Bugün yağmurlu bir gündü. Şehir, serin ve nemli bir havayla uyandı. Yağmur damlaları, pencerelere vurduğunda, içimde bir yerlerde sen uyandın. O an, seni affetmenin zamanının geldiğini anladım.
Ne kadar uğraşsam da seni unutamayacağımı kabul ettim. Yağmur damlaları, geçmişteki hatıralar gibi içimi ıslatırken, kalbimdeki kin ve öfkeyi yıkadı. Seninle ilgili her şeyin bittiğini düşündüğüm o anlarda, yağmur bulutları gibi içimi kaplayan karanlığı dağıttın.
Seni affetmek, kendimi özgürleştirmek demekti. O yüzden bugün, yağmurun altında yürürken, içimdeki huzurla seni bir kez daha affettim. Belki de yağmur damlaları, senin için içimde akan gözyaşlarımın bir temsiliydi.
Artık seni düşünmekten yoruldum. Yağmurun getirdiği serinlik gibi, içime bir ferahlık hissi yerleşti. Yeni bir başlangıç yapmak ve kalbimdeki boşluğu doldurmak için yola koyulma zamanı. Belki de yağmur bulutları gibi, sen de artık hayatımın dışında bir yerde duruyorsun.
Bu şehrin yağmurunda, seninle ilgili her şeyi yıkadım ve kendimi özgür hissettim. Artık içimde senin için yer yok. Yeni bir güneşli günün habercisi olan yağmur damlaları gibi, ben de içime yeni başlangıçlar ve umutlar getirdim.
Bu itirafı yazarken, yağmurun ritmiyle dans eden kalbimin ritmini duyuyorum. Belki de yağmur bulutları, içimdeki fırtınayı bastırmak için var. Seni affetmek, benim için bir kurtuluş oldu. Artık içimde senin için yer yok; çünkü seni yağmurla birlikte yıkayıp attım.

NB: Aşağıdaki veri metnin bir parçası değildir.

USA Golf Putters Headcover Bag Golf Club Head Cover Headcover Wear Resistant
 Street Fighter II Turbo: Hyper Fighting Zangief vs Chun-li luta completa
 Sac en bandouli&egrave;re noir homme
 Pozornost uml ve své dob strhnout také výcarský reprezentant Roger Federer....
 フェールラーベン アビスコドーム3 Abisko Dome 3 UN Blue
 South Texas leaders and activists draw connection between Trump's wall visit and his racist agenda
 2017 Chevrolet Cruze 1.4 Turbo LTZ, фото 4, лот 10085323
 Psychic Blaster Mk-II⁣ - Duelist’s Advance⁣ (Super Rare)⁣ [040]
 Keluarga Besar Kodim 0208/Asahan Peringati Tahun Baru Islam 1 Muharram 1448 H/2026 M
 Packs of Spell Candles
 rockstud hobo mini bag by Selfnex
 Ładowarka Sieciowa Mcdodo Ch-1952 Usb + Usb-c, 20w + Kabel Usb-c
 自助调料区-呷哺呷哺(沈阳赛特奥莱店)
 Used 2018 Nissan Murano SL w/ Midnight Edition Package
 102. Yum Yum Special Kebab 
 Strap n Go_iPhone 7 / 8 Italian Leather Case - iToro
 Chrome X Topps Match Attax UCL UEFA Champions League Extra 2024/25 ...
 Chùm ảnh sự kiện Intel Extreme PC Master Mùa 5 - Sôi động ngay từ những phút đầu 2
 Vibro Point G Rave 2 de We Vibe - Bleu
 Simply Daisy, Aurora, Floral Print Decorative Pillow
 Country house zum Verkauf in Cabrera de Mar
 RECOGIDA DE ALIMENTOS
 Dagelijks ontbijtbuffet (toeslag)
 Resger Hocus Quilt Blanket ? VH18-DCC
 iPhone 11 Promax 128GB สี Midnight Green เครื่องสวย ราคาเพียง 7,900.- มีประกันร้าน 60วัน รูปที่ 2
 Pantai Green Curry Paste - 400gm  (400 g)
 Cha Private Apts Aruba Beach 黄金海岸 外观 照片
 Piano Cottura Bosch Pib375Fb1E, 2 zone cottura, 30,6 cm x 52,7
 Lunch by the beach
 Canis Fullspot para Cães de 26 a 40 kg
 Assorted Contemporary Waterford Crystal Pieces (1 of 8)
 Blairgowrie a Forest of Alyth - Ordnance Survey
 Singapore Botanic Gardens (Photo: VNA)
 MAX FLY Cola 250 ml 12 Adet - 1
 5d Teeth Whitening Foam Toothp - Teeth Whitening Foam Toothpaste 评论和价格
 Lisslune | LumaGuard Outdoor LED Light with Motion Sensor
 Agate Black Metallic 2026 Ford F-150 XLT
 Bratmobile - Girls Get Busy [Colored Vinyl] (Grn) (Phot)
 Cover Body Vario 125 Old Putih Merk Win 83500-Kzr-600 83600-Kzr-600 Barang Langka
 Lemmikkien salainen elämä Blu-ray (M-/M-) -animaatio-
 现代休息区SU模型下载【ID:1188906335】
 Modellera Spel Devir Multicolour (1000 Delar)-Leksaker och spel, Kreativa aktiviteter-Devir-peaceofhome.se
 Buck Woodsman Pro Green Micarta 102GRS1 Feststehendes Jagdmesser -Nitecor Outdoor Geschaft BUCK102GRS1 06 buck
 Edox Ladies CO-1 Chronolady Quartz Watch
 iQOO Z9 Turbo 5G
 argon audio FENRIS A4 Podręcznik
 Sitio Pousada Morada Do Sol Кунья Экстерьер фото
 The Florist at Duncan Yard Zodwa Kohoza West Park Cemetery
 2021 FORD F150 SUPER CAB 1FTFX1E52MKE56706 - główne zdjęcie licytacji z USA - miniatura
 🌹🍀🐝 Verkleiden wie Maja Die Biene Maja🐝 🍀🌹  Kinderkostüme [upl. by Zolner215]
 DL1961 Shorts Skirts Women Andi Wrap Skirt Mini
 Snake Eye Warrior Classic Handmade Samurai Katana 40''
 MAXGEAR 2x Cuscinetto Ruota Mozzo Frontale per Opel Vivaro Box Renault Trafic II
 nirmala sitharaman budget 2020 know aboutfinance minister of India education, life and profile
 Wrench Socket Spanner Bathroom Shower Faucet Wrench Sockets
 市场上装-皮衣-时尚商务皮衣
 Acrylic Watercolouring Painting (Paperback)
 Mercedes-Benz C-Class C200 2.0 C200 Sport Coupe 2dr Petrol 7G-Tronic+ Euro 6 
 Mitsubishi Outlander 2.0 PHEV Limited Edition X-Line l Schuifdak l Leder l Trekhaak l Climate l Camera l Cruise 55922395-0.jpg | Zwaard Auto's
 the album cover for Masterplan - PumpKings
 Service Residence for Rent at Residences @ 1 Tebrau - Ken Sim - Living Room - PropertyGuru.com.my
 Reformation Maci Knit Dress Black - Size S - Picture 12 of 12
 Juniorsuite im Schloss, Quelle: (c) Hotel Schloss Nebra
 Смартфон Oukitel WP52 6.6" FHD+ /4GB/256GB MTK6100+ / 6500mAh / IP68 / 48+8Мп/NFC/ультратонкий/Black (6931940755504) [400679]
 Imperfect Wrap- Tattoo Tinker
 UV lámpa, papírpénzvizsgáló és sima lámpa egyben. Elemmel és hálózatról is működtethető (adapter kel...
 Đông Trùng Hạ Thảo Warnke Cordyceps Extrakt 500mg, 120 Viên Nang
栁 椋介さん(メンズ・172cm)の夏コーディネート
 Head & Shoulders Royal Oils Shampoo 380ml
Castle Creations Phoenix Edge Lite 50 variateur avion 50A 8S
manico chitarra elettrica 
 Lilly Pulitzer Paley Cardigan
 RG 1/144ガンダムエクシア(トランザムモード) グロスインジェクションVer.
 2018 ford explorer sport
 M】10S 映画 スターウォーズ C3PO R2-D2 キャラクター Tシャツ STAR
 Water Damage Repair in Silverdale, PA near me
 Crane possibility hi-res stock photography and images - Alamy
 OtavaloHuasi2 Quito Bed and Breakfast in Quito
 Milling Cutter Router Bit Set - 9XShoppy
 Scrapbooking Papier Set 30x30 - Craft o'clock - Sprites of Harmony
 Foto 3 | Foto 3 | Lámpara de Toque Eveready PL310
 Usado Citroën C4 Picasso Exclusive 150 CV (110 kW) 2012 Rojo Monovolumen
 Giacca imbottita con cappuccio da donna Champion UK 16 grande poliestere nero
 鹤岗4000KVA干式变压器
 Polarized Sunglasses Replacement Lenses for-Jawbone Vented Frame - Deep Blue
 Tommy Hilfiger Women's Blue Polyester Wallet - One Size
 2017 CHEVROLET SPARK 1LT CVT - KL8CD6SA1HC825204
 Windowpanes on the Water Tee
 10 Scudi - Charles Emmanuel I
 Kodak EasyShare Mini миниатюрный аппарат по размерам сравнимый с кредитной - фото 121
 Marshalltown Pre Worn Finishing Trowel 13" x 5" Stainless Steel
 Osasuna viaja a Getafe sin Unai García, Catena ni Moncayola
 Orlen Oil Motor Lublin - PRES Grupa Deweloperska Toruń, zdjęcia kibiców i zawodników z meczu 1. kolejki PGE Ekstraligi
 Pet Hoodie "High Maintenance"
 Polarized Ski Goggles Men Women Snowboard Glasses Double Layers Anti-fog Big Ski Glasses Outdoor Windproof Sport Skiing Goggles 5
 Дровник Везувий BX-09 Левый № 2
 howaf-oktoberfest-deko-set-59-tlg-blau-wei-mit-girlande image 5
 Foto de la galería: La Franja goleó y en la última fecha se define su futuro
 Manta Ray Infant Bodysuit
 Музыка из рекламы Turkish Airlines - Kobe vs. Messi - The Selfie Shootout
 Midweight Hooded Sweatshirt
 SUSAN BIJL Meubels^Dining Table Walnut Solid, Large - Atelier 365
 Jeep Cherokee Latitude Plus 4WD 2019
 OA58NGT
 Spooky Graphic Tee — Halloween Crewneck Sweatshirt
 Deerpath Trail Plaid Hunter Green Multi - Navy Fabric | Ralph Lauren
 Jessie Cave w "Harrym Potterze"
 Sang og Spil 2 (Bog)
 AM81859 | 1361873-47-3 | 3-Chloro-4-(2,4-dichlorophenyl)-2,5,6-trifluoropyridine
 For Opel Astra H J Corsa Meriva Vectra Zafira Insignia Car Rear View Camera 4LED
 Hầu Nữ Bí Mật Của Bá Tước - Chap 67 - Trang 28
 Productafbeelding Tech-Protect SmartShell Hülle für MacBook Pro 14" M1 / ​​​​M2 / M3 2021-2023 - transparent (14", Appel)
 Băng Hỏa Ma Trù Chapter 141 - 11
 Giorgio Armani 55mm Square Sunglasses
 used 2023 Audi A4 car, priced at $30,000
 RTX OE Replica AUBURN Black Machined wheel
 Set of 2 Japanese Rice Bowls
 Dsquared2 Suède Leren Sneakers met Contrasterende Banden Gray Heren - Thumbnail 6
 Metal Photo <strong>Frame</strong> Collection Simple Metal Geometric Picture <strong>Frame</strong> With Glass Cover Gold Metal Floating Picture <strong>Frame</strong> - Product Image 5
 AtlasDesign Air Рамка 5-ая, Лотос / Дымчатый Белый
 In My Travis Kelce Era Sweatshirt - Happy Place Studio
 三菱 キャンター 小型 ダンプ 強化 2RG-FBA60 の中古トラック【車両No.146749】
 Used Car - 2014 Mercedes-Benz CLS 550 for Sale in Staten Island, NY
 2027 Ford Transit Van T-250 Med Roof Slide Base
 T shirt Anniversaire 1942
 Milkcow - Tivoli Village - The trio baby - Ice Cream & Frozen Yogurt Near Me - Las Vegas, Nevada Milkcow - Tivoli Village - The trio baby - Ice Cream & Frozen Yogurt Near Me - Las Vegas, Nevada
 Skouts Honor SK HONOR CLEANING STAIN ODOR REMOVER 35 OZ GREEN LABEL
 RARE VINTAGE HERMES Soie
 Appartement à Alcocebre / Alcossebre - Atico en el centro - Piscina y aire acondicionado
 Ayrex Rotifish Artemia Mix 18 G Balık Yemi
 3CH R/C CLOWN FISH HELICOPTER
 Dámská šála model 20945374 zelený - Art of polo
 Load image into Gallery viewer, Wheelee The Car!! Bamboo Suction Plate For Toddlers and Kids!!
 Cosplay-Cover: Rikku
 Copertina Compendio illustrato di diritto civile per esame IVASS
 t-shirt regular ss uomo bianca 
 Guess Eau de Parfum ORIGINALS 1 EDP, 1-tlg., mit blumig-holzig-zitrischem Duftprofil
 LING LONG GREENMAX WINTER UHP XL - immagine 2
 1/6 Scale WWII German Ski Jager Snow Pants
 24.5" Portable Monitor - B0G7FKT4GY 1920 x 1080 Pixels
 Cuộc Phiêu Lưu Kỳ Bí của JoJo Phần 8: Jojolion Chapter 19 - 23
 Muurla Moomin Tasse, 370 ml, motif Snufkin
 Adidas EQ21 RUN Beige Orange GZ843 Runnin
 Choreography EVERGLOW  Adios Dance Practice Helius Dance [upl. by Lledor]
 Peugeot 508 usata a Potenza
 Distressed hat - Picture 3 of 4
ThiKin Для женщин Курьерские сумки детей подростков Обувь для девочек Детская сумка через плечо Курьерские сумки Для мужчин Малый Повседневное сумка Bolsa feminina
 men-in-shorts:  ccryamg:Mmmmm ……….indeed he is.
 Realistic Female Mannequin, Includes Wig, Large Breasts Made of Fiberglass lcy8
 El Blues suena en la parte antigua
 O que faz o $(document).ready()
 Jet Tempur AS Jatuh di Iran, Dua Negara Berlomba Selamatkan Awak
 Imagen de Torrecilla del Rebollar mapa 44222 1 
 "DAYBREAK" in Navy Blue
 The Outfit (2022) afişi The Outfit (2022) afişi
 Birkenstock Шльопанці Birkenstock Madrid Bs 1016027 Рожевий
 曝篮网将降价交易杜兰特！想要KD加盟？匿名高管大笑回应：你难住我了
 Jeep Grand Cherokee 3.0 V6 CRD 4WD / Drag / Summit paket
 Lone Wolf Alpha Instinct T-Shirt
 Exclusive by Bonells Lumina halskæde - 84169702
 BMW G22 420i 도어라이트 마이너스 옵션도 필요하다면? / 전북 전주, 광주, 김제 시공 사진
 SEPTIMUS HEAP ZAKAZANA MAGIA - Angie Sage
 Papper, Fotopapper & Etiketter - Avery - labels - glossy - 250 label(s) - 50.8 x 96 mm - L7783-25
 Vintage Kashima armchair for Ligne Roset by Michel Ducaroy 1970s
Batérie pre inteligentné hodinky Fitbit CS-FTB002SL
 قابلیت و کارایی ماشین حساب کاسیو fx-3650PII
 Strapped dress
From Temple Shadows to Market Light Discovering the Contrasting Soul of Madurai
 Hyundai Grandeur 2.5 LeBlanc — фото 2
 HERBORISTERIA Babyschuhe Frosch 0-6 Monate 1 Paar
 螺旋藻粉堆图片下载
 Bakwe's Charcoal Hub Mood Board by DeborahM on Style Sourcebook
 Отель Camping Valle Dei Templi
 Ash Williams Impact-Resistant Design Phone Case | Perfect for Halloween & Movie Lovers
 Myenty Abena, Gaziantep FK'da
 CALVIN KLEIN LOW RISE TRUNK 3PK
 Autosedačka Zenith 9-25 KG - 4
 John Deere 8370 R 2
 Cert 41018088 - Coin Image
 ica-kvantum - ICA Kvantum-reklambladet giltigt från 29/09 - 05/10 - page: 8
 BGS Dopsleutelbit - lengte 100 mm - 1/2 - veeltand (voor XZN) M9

Bu şehir, yağmurunda seninle ilgili her şeyi yıkarken, ben de içimi yeni başlangıçlara ve umutlara açıyorum. Belki bir gün, yağmur bulutlarının ötesinde güneşli günler bizi bekliyor olacak.
Ne kadar uğraşsam da seni unutamayacağımı kabul ettim. Yağmur damlaları, geçmişteki hatıralar gibi içimi ıslatırken, kalbimdeki kin ve öfkeyi yıkadı. Seninle ilgili her şeyin bittiğini düşündüğüm o anlarda, yağmur bulutları gibi içimi kaplayan karanlığı dağıttın.
Seni affetmek, kendimi özgürleştirmek demekti. O yüzden bugün, yağmurun altında yürürken, içimdeki huzurla seni bir kez daha affettim. Belki de yağmur damlaları, senin için içimde akan gözyaşlarımın bir temsiliydi.
Artık seni düşünmekten yoruldum. Yağmurun getirdiği serinlik gibi, içime bir ferahlık hissi yerleşti. Yeni bir başlangıç yapmak ve kalbimdeki boşluğu doldurmak için yola koyulma zamanı. Belki de yağmur bulutları gibi, sen de artık hayatımın dışında bir yerde duruyorsun.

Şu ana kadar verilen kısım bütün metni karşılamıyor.